BND muss Presse Auskunft über Hintergrundgespräche mit Journalisten erteilen

Am 18. September 2019 entschied das Bundesverwaltungsgericht (Az.: 6 A 7.18) über die Klage eines Tagesspiegel-Redakteurs. Der Redakteur gehört nicht zu den vom BND in der Regel für Hintergrundgespräche berücksichtigten Journalisten. Er bat den BND im Frühjahr 2017 um die Erteilung von Auskünften zu der Anzahl, den Themen, dem personellen Rahmen sowie den Zeiten und Orten der im Vorjahr und im laufenden Jahr organisierten Hintergrundgespräche. Er begehrte außerdem Auskunft über den Umgang mit Erkenntnissen im Zusammenhang mit dem Militärputsch in der Türkei im Juli 2016.

Der BND lehnte die Erteilung der Auskünfte zunächst ab.
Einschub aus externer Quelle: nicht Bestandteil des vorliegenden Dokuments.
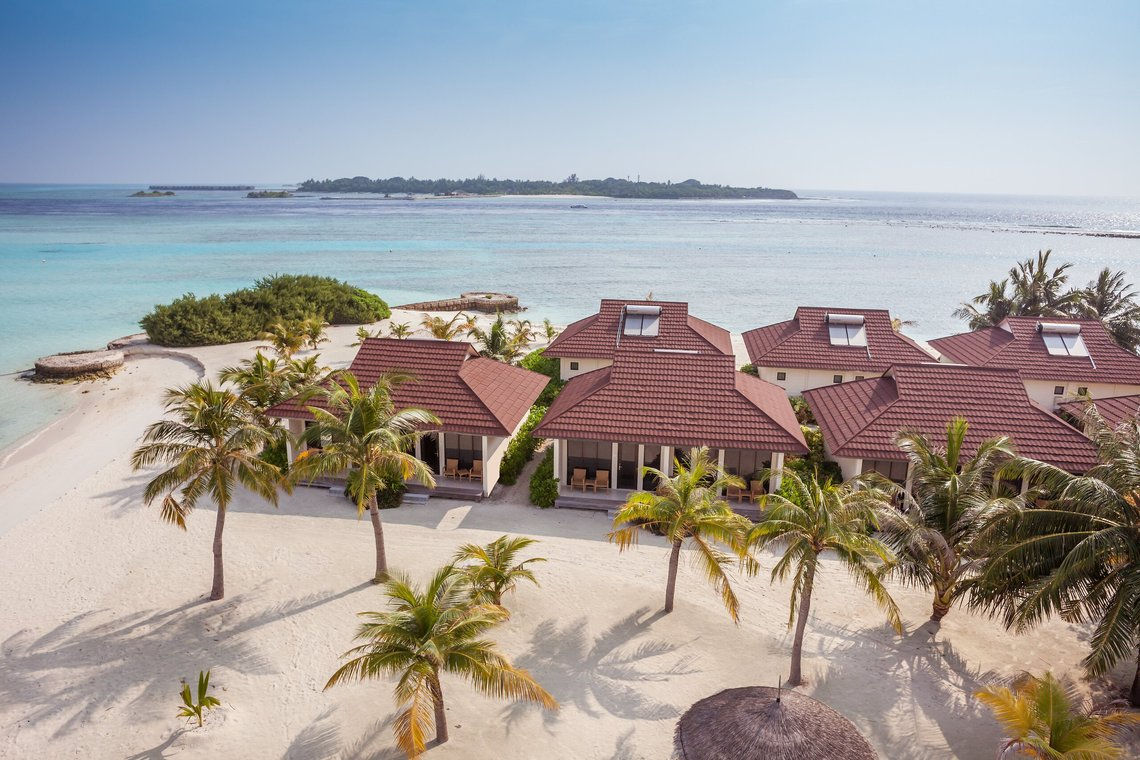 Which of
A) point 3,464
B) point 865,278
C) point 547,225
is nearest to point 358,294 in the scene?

In einem vorausgegangenen Eilverfahren erteilte der BND dann doch Auskunft über Anzahl, Zeiten und Orte der Hintergrundgespräche.

Streitig war weiterhin, ob Informationen über die eingeladenen Medienvertreter und eine etwaige Teilnahme des BND-Präsidenten erteilt werden müssten. Das Gericht urteilte:

"Dass der BND Hintergrundgespräche mit Journalisten auch unter Beteiligung seines Präsidenten durchführt, ist allgemein bekannt. Dadurch, dass dem Kläger mitgeteilt wird, welche Medien bzw. Medienvertreter jeweils eingeladen waren und an welchen Gesprächen der Präsident des BND teilgenommen hat, werden keine für eine Gefährdung der Aufgabenerfüllung des BND relevanten zusätzlichen Informationen verbreitet. Dass eine solche Gefährdung durch die Benennung der allgemeinen Themen - also nicht der konkreten Inhalte - der jeweiligen Hintergrundgespräche eintreten könnte, ist gleichfalls nicht ersichtlich. Den BND trifft insoweit in Anbetracht des Umstands, dass er die Themen auf Grund eigenen Entschlusses und ohne hierzu verpflichtet zu sein, mit Journalisten - wenn auch unter vorausgesetzter Vertraulichkeit - erörtert hat, eine gesteigerte Darlegungslast. Dieser ist er nicht nachgekommen."

Auch das Recht auf informationelle Selbstbestimmung der eingeladenen Medienvertreter stehe einer Auskunftserteilung nicht entgegen, so das Gericht:

"Zwar ist das Recht auf informationelle Selbstbestimmung grundsätzlich schutzwürdig, jedoch überwiegt im vorliegenden Fall das Informationsinteresse der Presse. Der Kläger nimmt dieses Interesse mit seinen Recherchen wahr, die Transparenz im Hinblick auf die Beziehungen zwischen den Nachrichtendiensten und der Presse herstellen sollen. Demgegenüber betrifft das schutzwürdige Interesse der Journalisten allein die Ausübung ihres auf Öffentlichkeit angelegten Berufs. Zudem geht es bei den Hintergrundgesprächen um eine besondere Form der Presse- und Öffentlichkeitsarbeit des BND, die sich an einen grundsätzlich festen Kreis von Journalisten richtet."

Quelle: Pressmitteilung 65/2019 des Bundesverwaltungsgerichts (https://www.bverwg.de/pm/2019/65)

Ergänzung, 21.11.2019: Zwischenzeitlich wurde die vollständige Urteilsbegründung veröffentlicht.